Sunday, July 24, 2005

The teacher taught

Let's establish some terminology first, because after 11 years in Poland I no longer speak English properly. Nor, of course, do I speak Polish with the facility of a native. So I guess this makes me not bi-lingual, but semi-lingual. Discuss. :)

By 'messenger program' I refer to those things like Yahoo, MSN, ICQ and so on which allow users to type to each live (and, increasingly, talk via microphones), send files and so on. By 'status line' I refer to those little messages which accompany one's user name on such programs, where one leaves comments about one's feelings, when one will be back on-line, and so on.

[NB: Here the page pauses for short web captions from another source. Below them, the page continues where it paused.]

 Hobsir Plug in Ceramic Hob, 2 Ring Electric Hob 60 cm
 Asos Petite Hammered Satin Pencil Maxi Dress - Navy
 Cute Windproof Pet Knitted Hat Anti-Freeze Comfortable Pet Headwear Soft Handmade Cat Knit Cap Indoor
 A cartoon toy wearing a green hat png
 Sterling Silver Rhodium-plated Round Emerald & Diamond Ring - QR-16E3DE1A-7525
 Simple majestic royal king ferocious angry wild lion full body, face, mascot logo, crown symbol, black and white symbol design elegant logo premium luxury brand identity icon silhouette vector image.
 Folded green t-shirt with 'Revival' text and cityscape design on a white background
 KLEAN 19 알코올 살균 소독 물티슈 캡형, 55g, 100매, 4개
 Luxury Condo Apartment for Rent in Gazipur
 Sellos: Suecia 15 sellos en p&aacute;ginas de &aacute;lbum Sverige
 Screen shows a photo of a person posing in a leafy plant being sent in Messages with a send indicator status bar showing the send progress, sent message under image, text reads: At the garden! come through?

For all I know, these are the accepted terms used by English-speakers all over the world; I am merely translating or calquing back from the Polish expressions, which I'm more familiar with. (The Polish expressions, of course, may themselves be calques of the English terms. In this way, I guess, a kind of universal computer language is evolving, much as there seem to be universal motorcycle languages and universal nuclear reactor languages and universal chemical textile languages evolved by specialists in each group which enable them to communicate beyond the bounds of their respective native languages.)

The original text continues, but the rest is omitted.